Die grundsätzlichen Wünsche von Bewerber:innen sind:

  • Klare Kommunikation
  • Feedback
  • Transparenz
  • Respektvoller Umgang (Würdigung und Wertschätzung)
  • Effizienz

Was am Bewerber:innen Markt jedoch Tatsache ist:

Über das Ziel hinausschießen – Komplizierte Bewerbungsprozesse

Die Bewerbungsprozesse werden teilweise als langwierig und umständlich beschrieben, lange Fragebögen mit bis zu 50 Fragen, Arbeitsproben und Analysen sollen ausgefüllt werden, Case Studies erarbeitet und Business Pläne dargelegt werden. Es wirkt, als ob das Unternehmen bewertet, ob man „gut genug ist“ dort zu arbeiten. Das ist nicht mehr zeitgemäß. Niemand will heutzutage „bewertet“ werden und es führt zu einem Verlust der Augenhöhe.

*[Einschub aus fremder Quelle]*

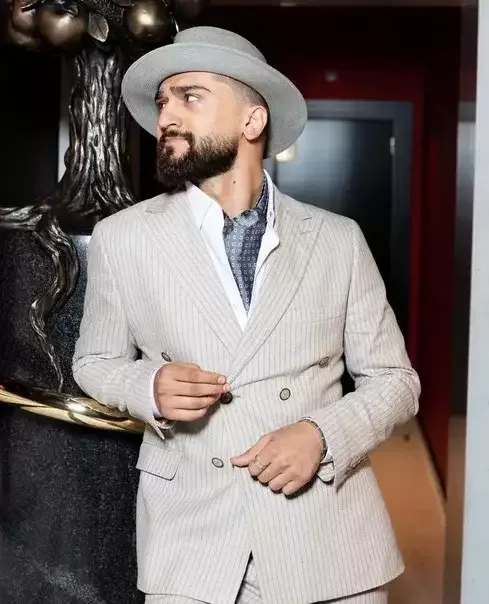 Coniyə “xarici agent” ittihamı!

Wir empfehlen die Frage „Was soll eingeschätzt werden?“ vorab zu klären. Oft ist die Bewerbung eine Prüfungssituation mit Abfrage und viele interessieren sich nicht wirklich für die Zugänge zu den Themen in der neuen Rolle und dem Know-How des/der Kandidat:in.

Diese Bewerbungsbögen neben einem Vollzeit-Job zu beantworten, erscheint vielen als „too much“ bzw. unmöglich. Oft hören wir als Personalberater auch die Sorge heraus, dass diese Business Pläne oder erarbeiteten Case Studies später für die Eigenvermarktung des Unternehmens herangezogen werden, Ideen „gestohlen“,  Wissen „abgesaugt wird“, aber kein Job vergeben wird. Und auch „Zukunftsmusik“ wie „Wie würde Ihre zukünftige HR-Organisation aussehen“ „Wie viele Head Counts brauchen Sie“ – all das hat nichts mit der fachlichen Erfahrung und den Erwartungen an die Aufgabe zu tun. So eine Ferndiagnose ist unseriös und ohne genaues Kennen des Unternehmens auch nicht beantwortbar.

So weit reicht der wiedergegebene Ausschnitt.